Crawled caption data
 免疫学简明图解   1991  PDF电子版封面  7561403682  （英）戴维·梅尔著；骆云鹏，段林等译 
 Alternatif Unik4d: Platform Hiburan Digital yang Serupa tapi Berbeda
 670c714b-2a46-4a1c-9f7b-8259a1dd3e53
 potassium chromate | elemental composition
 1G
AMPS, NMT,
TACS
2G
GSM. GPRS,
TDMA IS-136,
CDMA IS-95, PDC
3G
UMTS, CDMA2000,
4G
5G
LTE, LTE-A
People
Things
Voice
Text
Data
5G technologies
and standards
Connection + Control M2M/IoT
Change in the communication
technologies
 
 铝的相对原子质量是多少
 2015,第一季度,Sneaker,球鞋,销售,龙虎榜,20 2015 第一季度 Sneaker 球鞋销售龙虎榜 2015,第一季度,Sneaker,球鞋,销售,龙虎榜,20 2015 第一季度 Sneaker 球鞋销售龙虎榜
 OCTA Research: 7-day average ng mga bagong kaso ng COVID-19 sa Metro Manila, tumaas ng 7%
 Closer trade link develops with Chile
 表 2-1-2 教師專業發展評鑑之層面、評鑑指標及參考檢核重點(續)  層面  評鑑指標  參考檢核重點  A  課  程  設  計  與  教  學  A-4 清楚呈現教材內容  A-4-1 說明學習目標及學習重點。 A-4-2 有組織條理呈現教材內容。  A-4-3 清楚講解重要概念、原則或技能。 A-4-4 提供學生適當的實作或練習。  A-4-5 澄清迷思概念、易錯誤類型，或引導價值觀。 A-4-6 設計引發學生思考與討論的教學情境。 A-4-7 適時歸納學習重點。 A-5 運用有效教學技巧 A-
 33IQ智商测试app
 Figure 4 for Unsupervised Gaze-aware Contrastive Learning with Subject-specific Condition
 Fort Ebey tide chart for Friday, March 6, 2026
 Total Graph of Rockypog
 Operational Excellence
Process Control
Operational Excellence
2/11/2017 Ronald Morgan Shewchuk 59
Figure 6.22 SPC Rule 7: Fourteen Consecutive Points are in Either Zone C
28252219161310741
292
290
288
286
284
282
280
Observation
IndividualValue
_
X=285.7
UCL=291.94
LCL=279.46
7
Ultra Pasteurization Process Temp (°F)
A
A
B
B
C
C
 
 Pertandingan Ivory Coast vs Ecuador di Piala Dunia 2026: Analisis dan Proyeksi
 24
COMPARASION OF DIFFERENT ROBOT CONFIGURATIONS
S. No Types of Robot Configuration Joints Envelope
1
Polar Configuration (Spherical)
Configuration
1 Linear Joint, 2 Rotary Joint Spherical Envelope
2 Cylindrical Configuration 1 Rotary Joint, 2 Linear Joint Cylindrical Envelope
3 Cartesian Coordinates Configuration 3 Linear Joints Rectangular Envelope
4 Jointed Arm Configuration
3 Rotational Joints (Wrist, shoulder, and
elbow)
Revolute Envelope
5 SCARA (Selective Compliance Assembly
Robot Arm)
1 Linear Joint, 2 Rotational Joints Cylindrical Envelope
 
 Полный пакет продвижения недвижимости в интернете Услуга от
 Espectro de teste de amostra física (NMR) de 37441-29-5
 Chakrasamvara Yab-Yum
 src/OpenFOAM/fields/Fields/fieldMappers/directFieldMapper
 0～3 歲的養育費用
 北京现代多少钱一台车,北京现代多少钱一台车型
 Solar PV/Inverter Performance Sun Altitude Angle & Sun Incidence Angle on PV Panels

What this task involves: Find each line of the data above that holds the word "Excellence", then copy it.

Output for this task:
 Operational Excellence
Operational Excellence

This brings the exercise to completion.